On the smallness of Tree-dominated Charmless Two-body Baryonic $B$ Decay Rates

TL;DR

This paper explains the unexpectedly small rates of charmless two-body baryonic B decays by revealing a partial cancellation effect in internal W-emission diagrams, which was previously overlooked, aligning theoretical predictions with experimental observations.

Contribution

The study identifies a symmetry-based cancellation in internal W-emission diagrams, providing a new explanation for the smallness of charmless baryonic B decay rates and correcting previous theoretical assumptions.

Findings

Partial cancellation of internal W-emission diagrams reduces decay rates.

Symmetry properties of baryon wave functions explain the cancellation.

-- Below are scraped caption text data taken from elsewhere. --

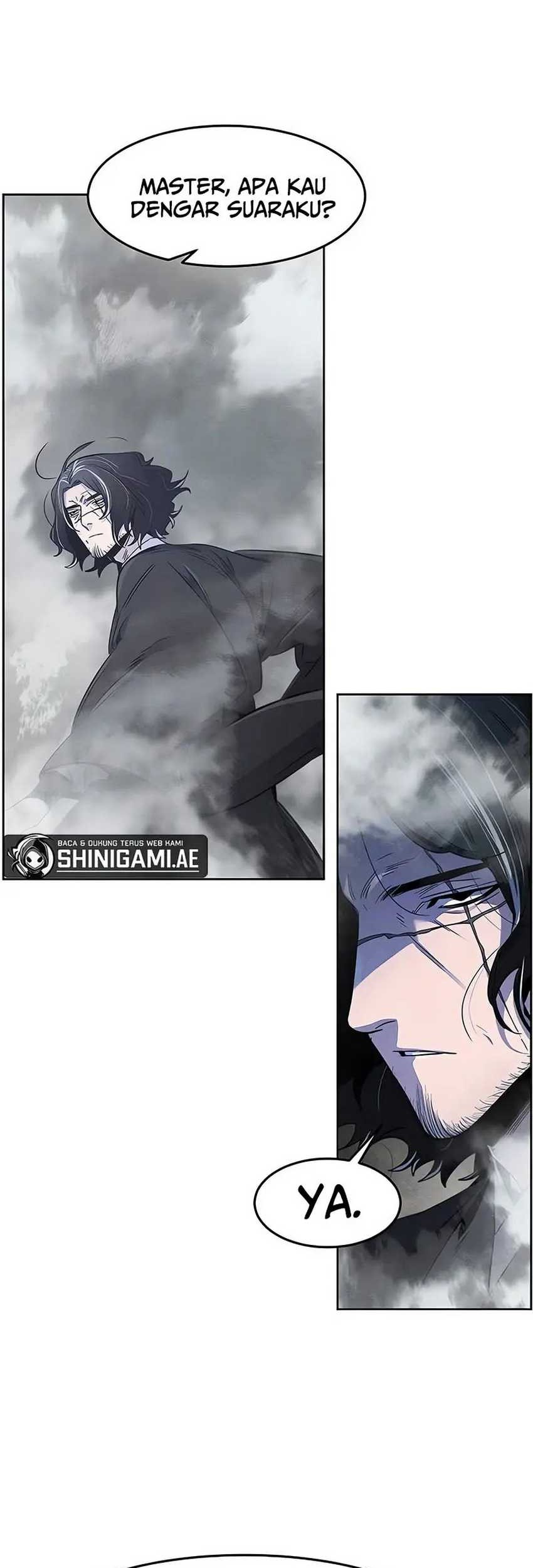 Return of the Mad Demon Chapter 131 Gambar 8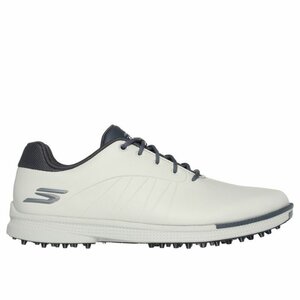 Skechers Go Golf Tempo GF Heren Golfschoenen Off White Grijs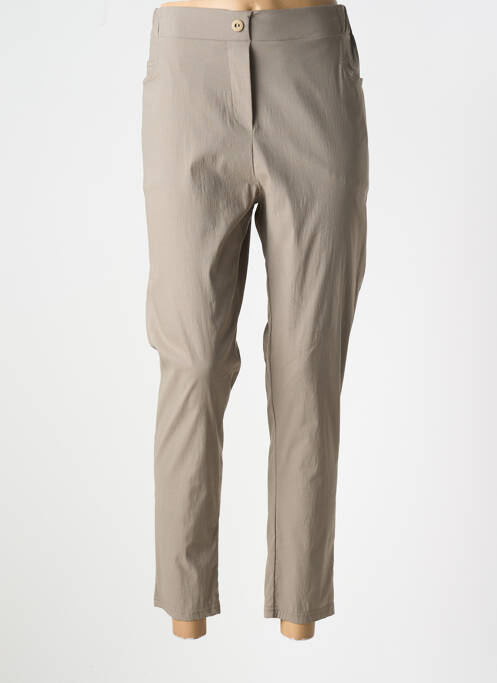 Jegging gris KAKIE pour femme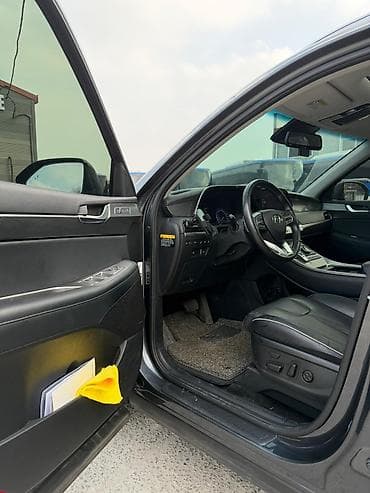 prius 2017: Hyundai Palisade: 2020 г., 2.2 л, Автомат, Дизель, Кроссовер — 5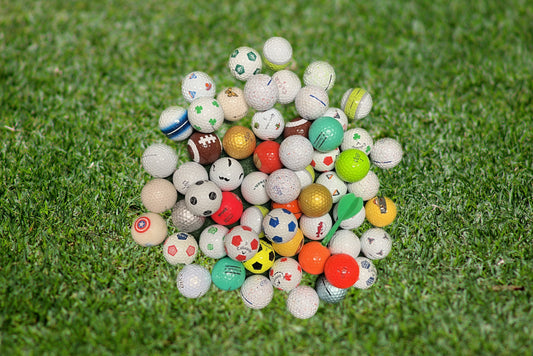 Golf Ball Mystery Pack
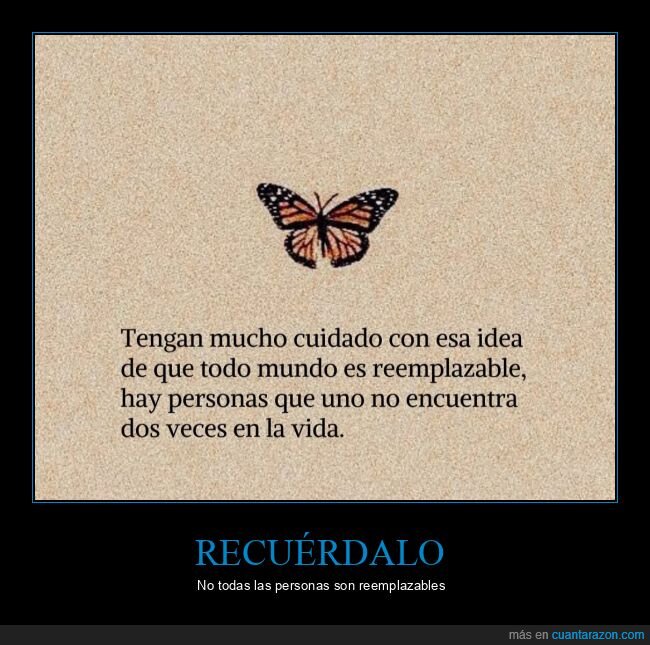 reemplazables,personas,encontrar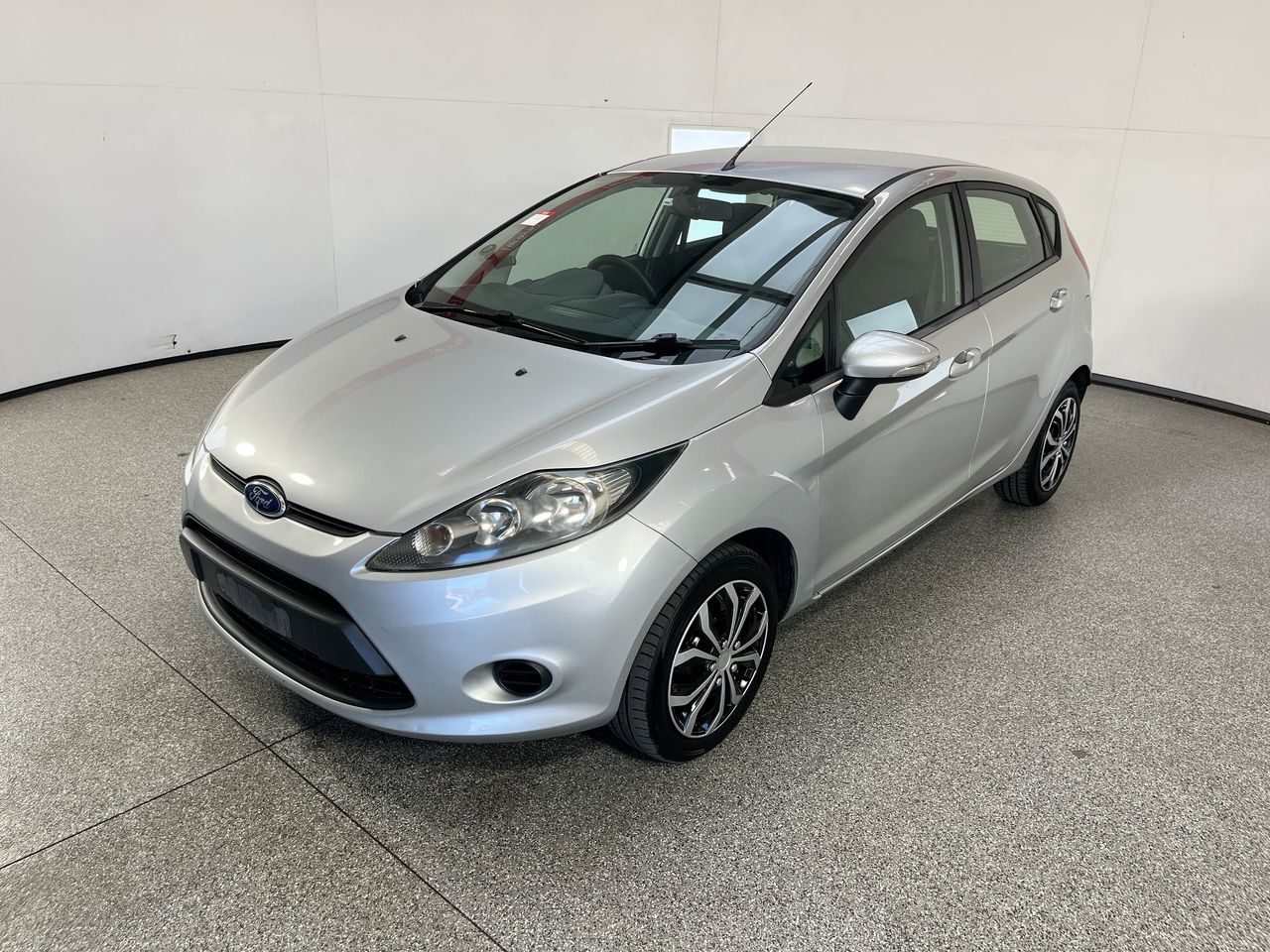 2012 Ford Fiesta CL WT Automatic Hatchback
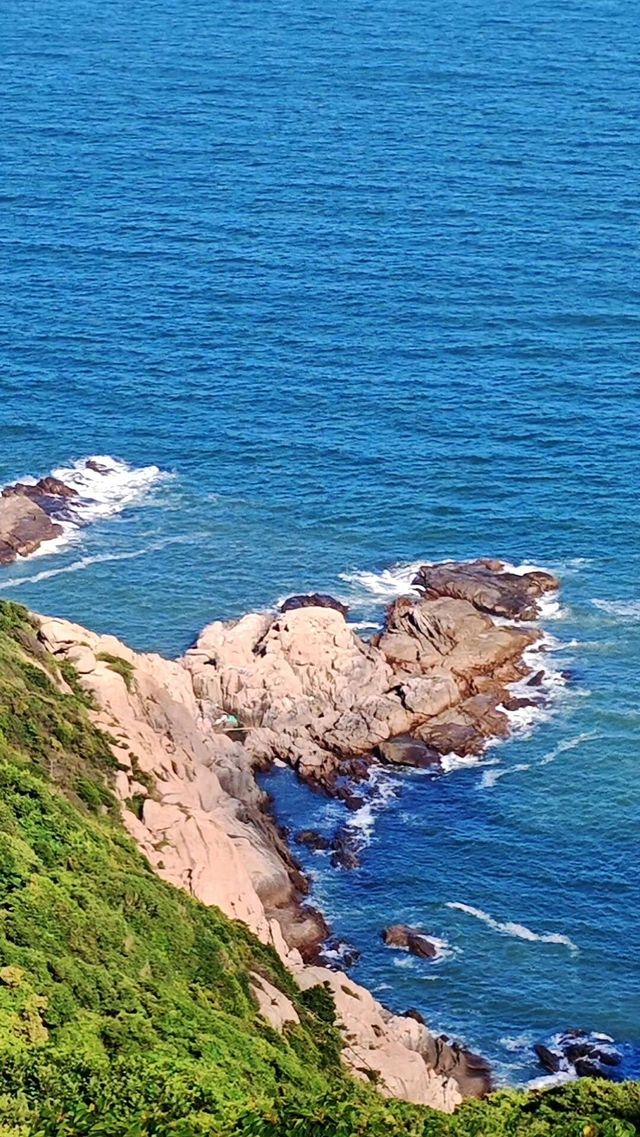 朱家尖：奔赴山海，解鎖東海浪漫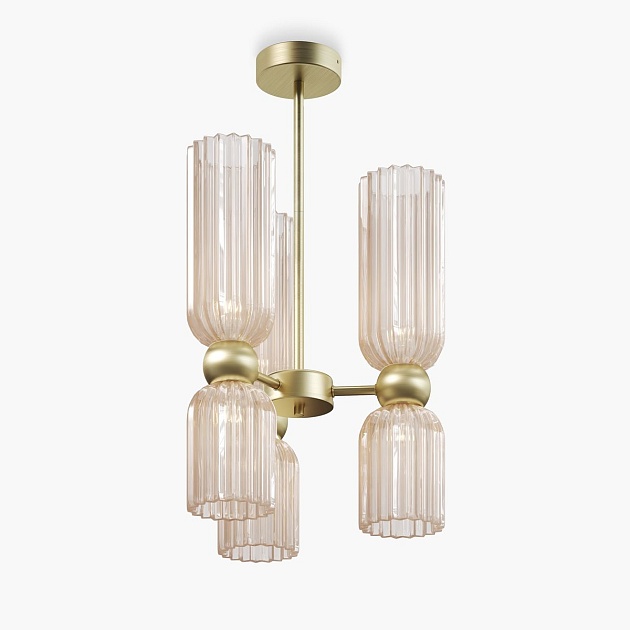 Подвесная люстра Maytoni Antic MOD302PL-06CG Фото № 3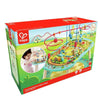 Hape Twisting Railway Maze Table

Corrected relation for the internal W-emission amplitude involving Wilson coefficients.

Abstract

The long awaited baryonic $B$ decay $\bar B{}^0\to p\bar p$ was recently observed by LHCb with a branching fraction of order $10^{-8}$. All the earlier model predictions are too large compared with experiment. In this work, we point out that for a given tree operator $O_i$, the contribution from its Fiertz transformed operator, an effect often missed in the literature, tends to cancel the internal $W$-emission amplitude induced from $O_i$. The wave function of low-lying baryons are symmetric in momenta and the quark flavor with the same chirality, but antisymmetric in color indices. Using these symmetry properties and the chiral structure of weak interactions, we find that half of the Feynman diagrams responsible for internal $W$-emission cancel. Since this feature holds in the charmless modes but not in the charmful ones, we advocate that the partial cancellation accounts for the smallness of the tree-dominated charmless two-body baryonic $B$ decays. This also explains why most previous model calculations predicted too large rates as the above consideration was not taken into account. Finally, we emphasize that, contrary to the claim in the literature, the internal $W$-emission tree amplitude should be proportional to the Wilson coefficient $c_1+c_2$ rather than $c_1-c_2$.